The Celsius founder denied all charges and was released on a $40 million bond after being arrested on allegations of misleading customers and inflating the company’s CEL token
Former CEO of Celsius Network, Alex Mashinsky, was arrested and charged on Thursday with securities and wire fraud among other offenses, according to Reuters:
“Mashinsky, 57, arrived in federal court in Manhattan for his arraignment wearing a gray polo shirt, jeans and no handcuffs.”
Mashinsky pleaded not guilty to all charges and was released on a $40 million bond. The arrest followed a series of lawsuits filed against Celsius and Mashinsky by the CFTC, FTC and SEC.
Before the arrest, New York State got to him first when NY Attorney General Letitia James sued him in state court, accusing him of misleading thousands of investors in the state.
U.S. Magistrate Judge Ona Wang approved Mashinsky’s bail, backed by his Manhattan residence and signatures from his wife and another party. His travel has been limited to the Eastern and Southern District of New York.
Mashinsky’s attorneys, Benjamin Alee and Jonathan Ohring, have yet to publicly comment on the case. However, they said in a statement to CoinDesk that “he looks forward to vigorously defending himself in court against these baseless charges.”

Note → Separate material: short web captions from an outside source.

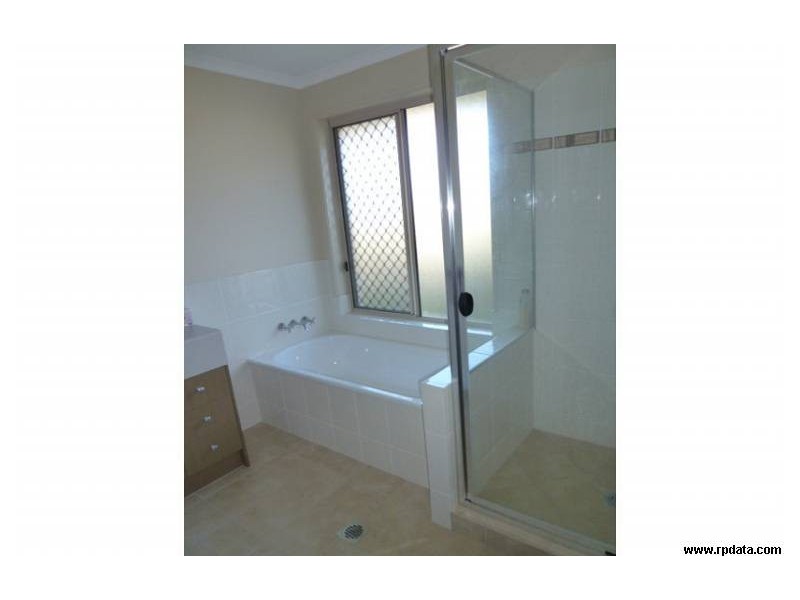 13 Joann Court, Oakey QLD 4401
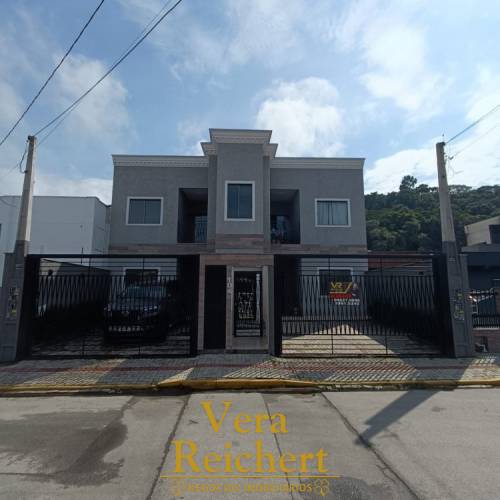 DISP. 24/10 - APARTAMENTO DE 2 QUARTOS NO MORRETES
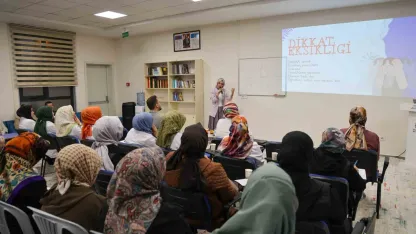 Hatice Hatun Mahalle Külliyesi Çocuk Mektebi’nde aileler eğitim seminerleri ile bilgilendiriliyor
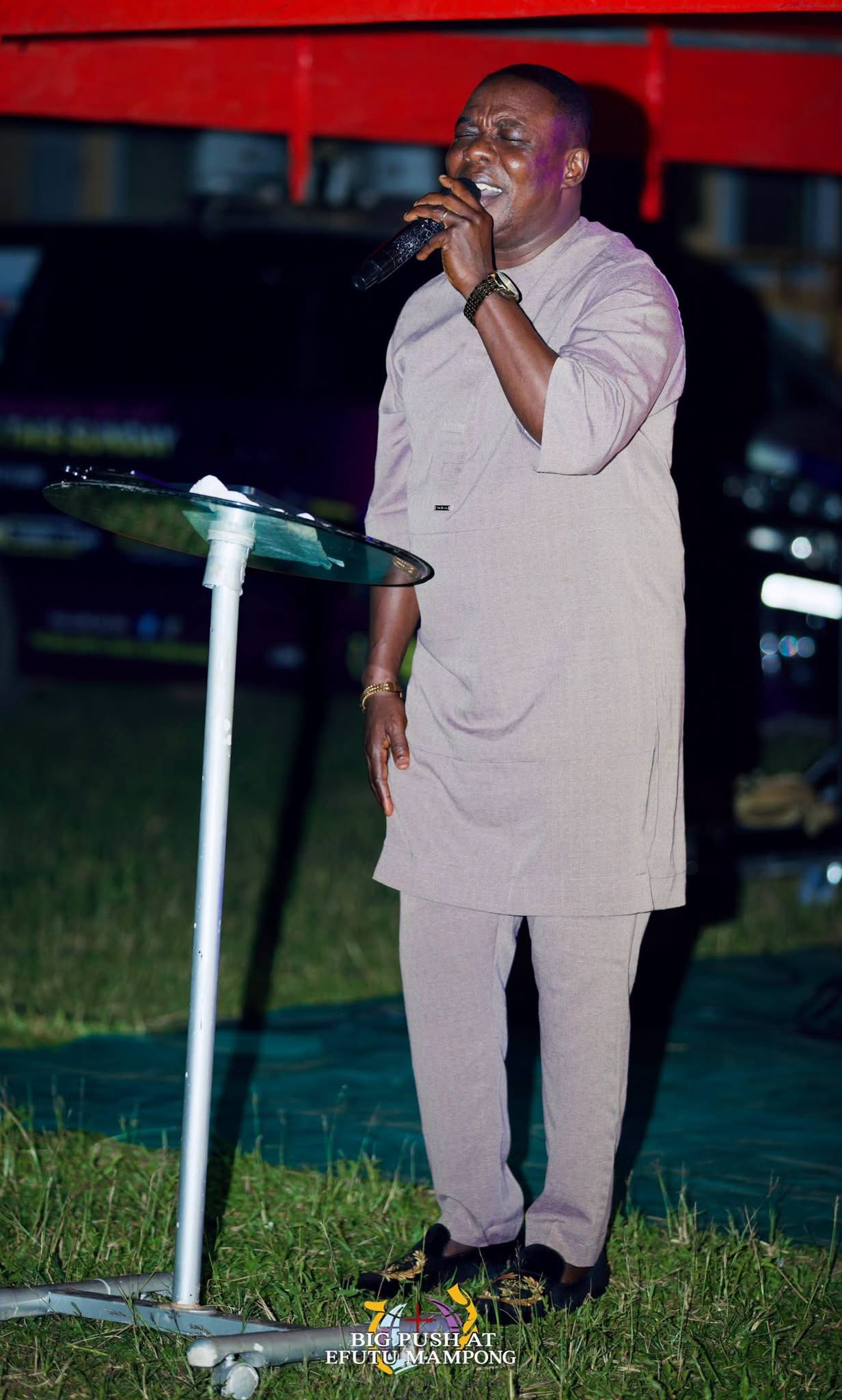 THE HEAVENS CAME DOWN, SOULS WERE WON, THERE WAS AN OUTPOURING OF THE HOLY SPIRIT.THE BIG PUSH SOUL WINNING CRUSADE AT EFUTU MAMPONG DAY 2 WAS FULL OF GOD’S GLORY .   THE BIG PUSH MINI CRUSADE. ITS A MOVEMENT TO SAVE SOULS AND IGNITE REVIVAL. WE ARE CALLING ON SPONSORS  AND PARTNERS TO HELP US TAKE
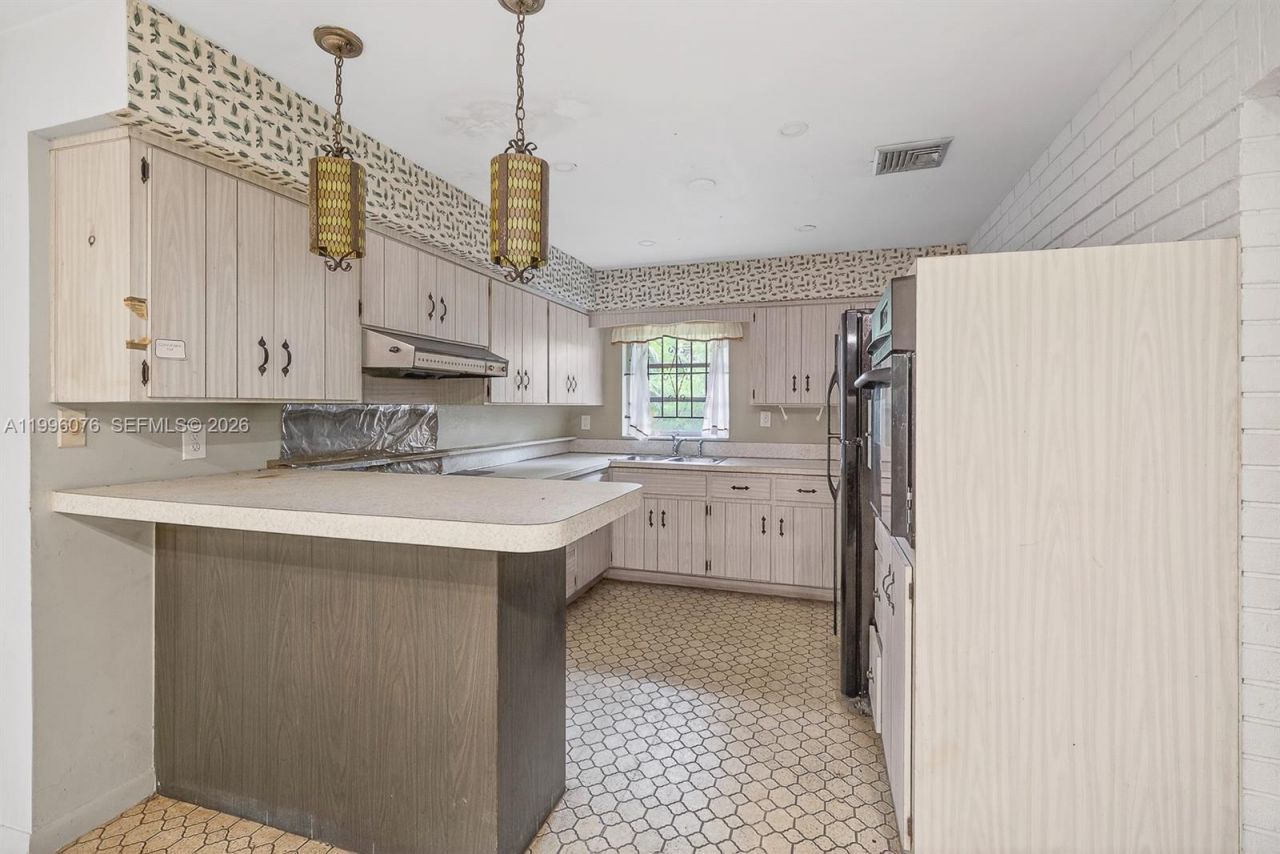 985 NE 84th St, Miami, FL 33138 Photo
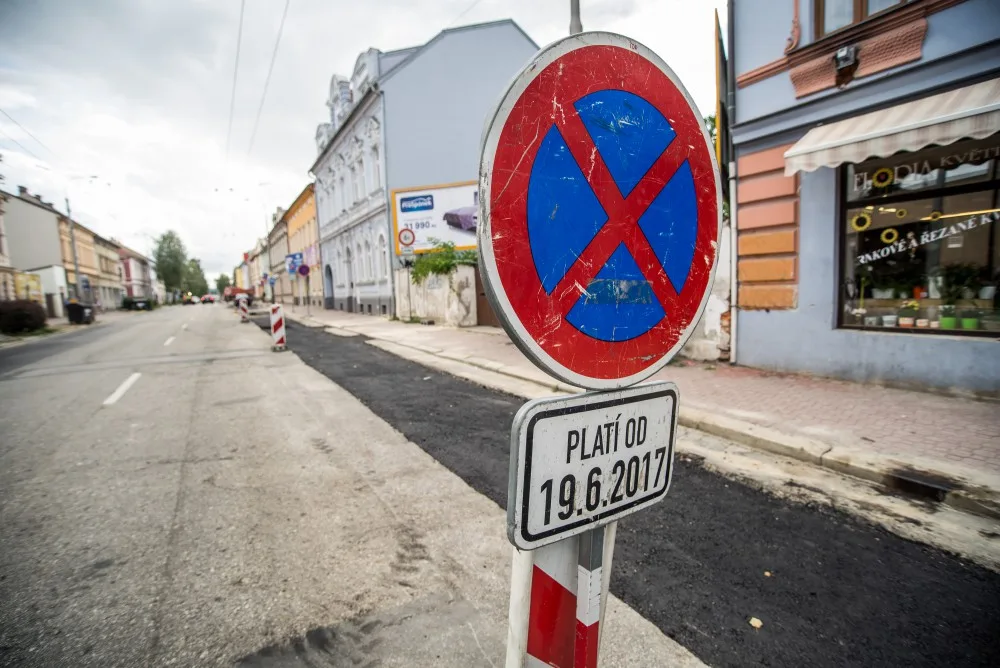 Oprava vodovodního řadu na Lidické třídě.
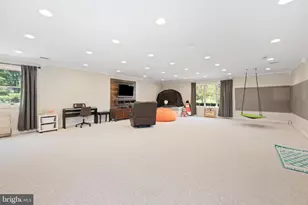 25 Carsdale Dr, Montgomery Township, NJ 08502 - Photo 18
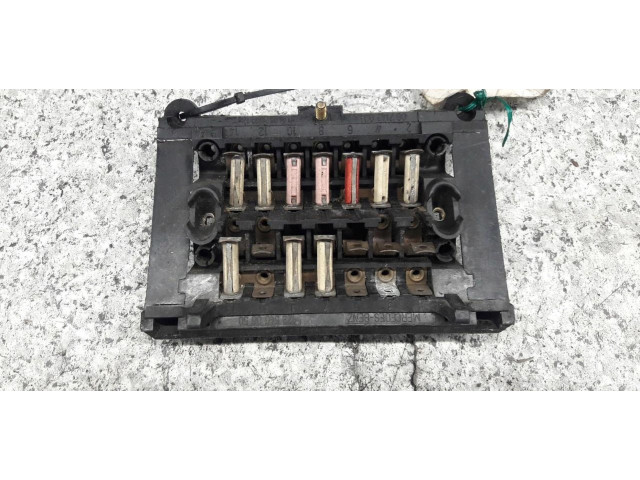 Ящик предохранителей (комплект)       Mercedes-Benz 200 300 W123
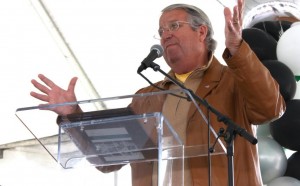 Los Angeles County Supervisor Don Knabe.
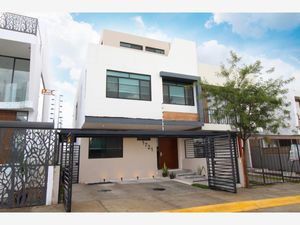 Casa en Venta en Solares Zapopan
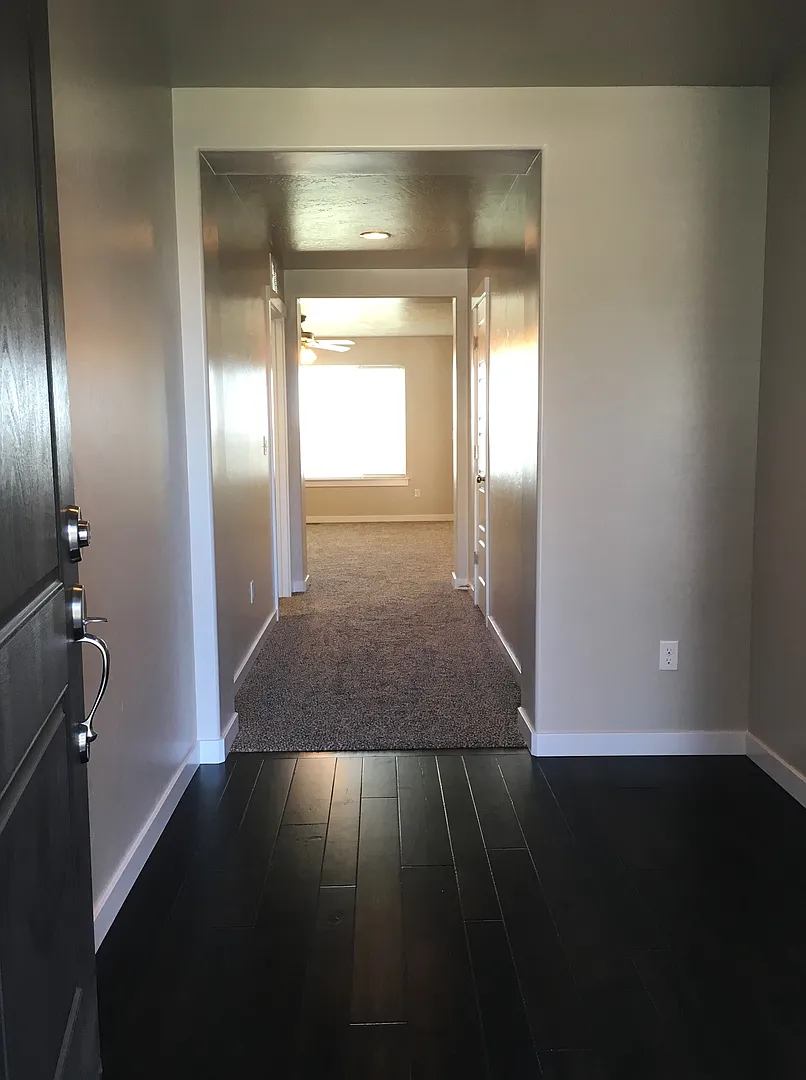 Beautiful home with 3bd 2ba and bonus room. Located in the Irvine Subdivision, just off Chinden a... — Photo 2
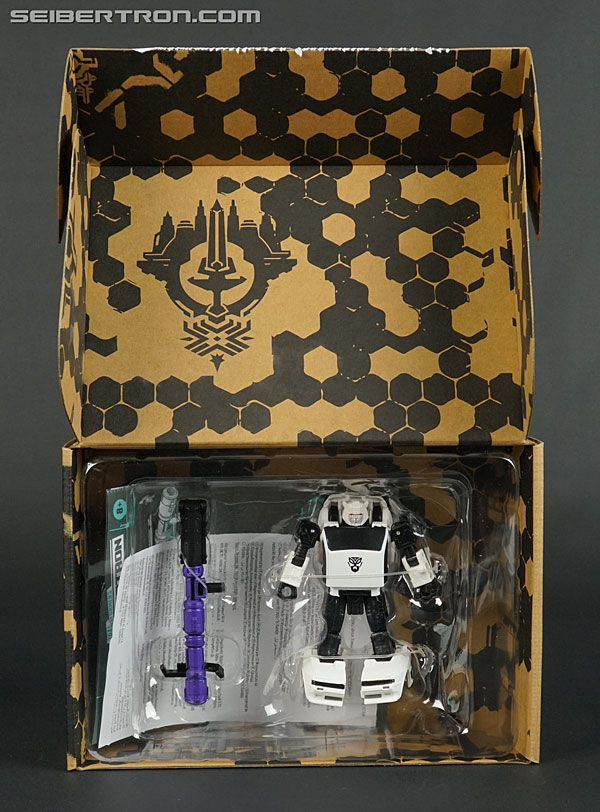 Transformers News: New Galleries: Worlds Collide Bumblebee plus Netflix Bumblebee, Selects Hubcap and Bug Bite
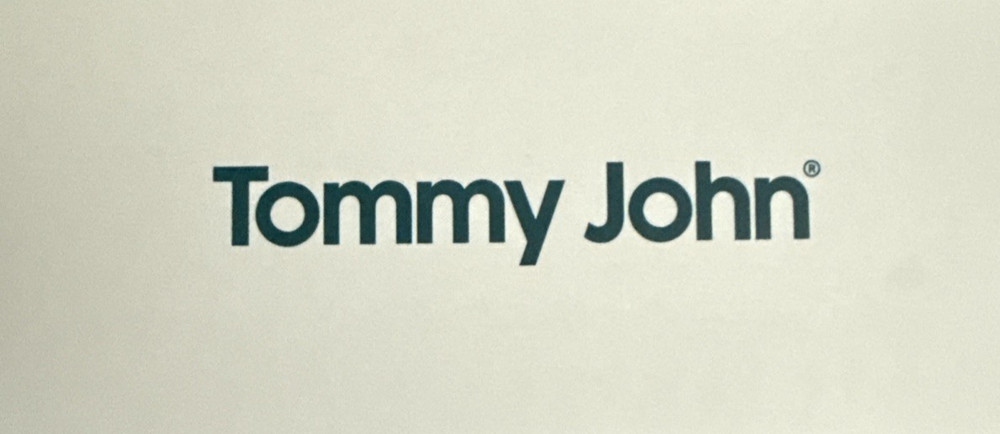 NIP! 2-Pk TOMMY JOHN Stay Tucked BLACK or WHITE CREW T-SHIRTS / TEES ~ Size XL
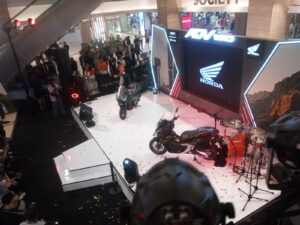 UNVEILING New ADV 160 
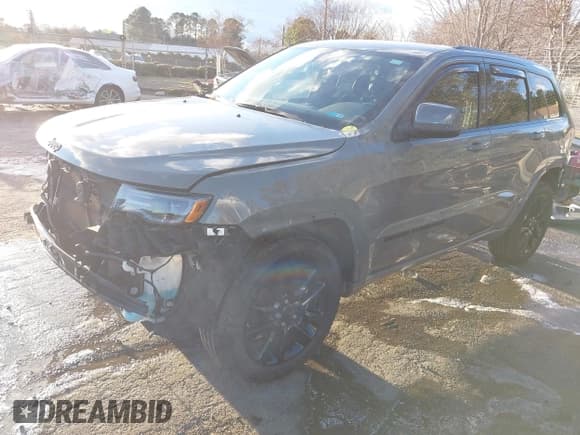 ✅ 2020 Jeep Grand Cherokee Laredo • VIN: 1C4RJFAG8LC422023 • Lot: 41219192. Wystawiony na IAAI z przebiegiem 53 180 mil. Bezpłatny archiwum sprzedaży aukcyjnych z USA i szczegółowy raport historii pojazdu na DreamBid. Zdjęcie 2.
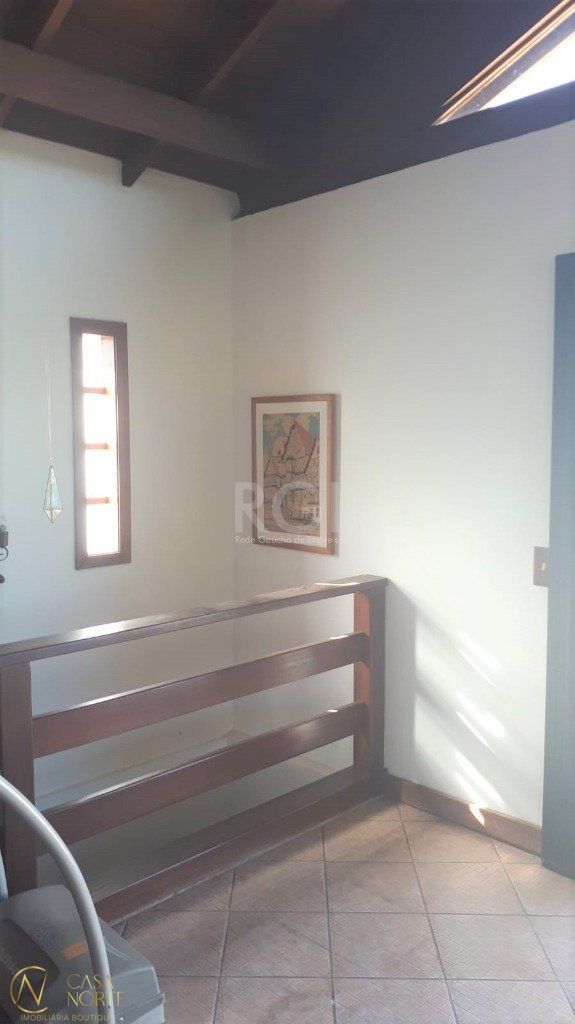 Casa à venda com 3 quartos, 165m², 1 suíte, 2 vagas, Rua Jerolomo Minuzo no bairro Vila Nova em Porto Alegre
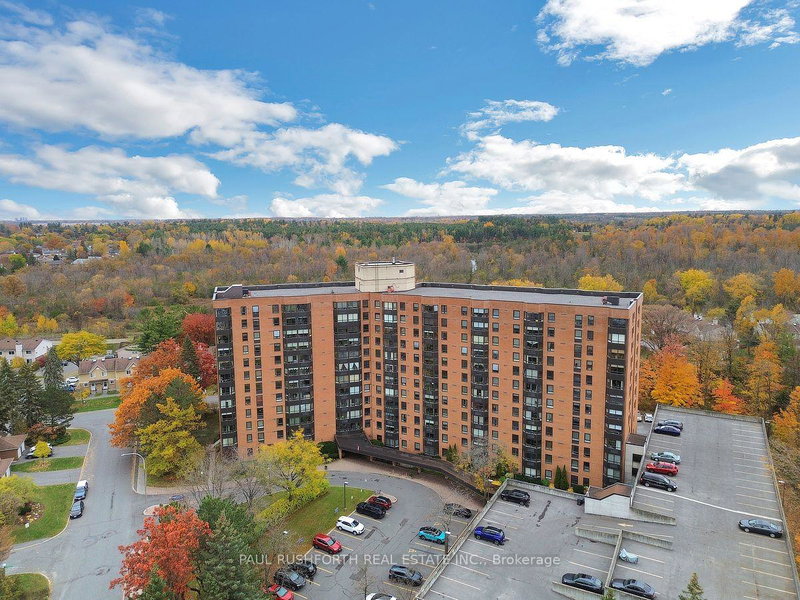 Image 2 of listing MLS® X14110646
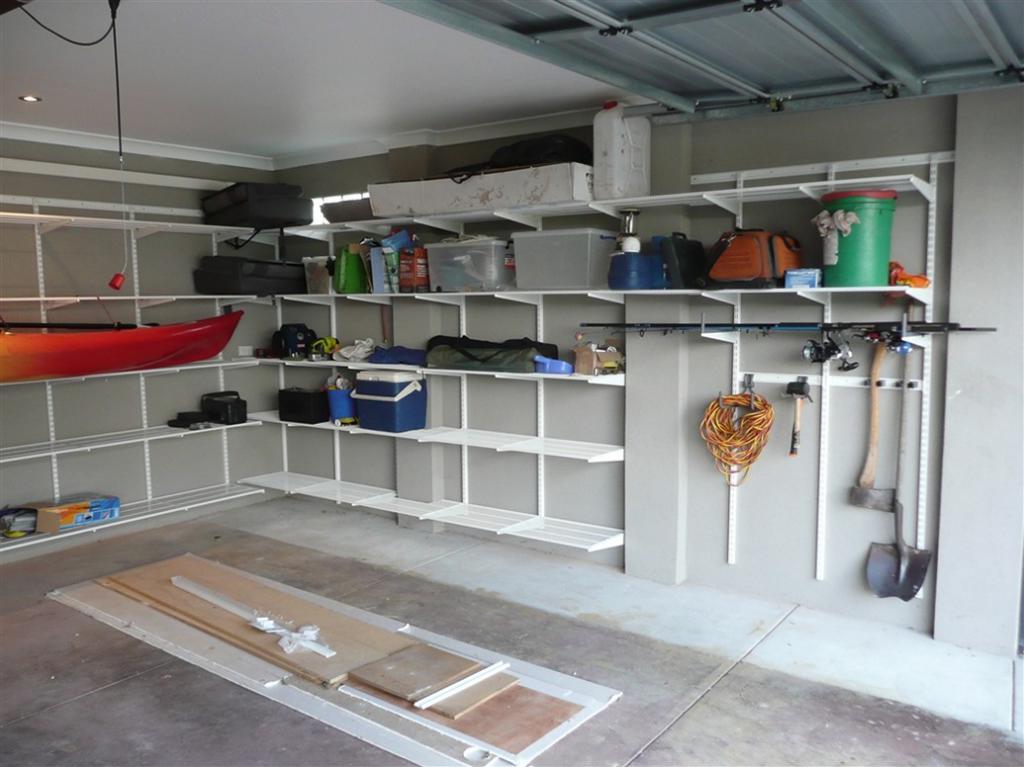 хранение инструмента в гараже или мастерской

Celsius, which declared bankruptcy in 2022 following a rapid decline in crypto prices and a wave of customer withdrawal requests, is under scrutiny. Prosecutors allege that Mashinsky, from 2018 to 2022, deliberately misled investors about key aspects of Celsius’s operations:
“[Mashinsky] orchestrated a scheme to defraud customers of Celsius Network LLC and its related entities.”
The charges focus on the company’s Earn Interest Program, which promised high returns of up to 17% and presented the platform as a safe haven akin to a modern-day bank. These claims, prosecutors argue, starkly contrast with the platform’s allegedly high-risk strategies.
Mashinsky and Celsius have yet to change their stance on the platform’s financial stability, the SEC says.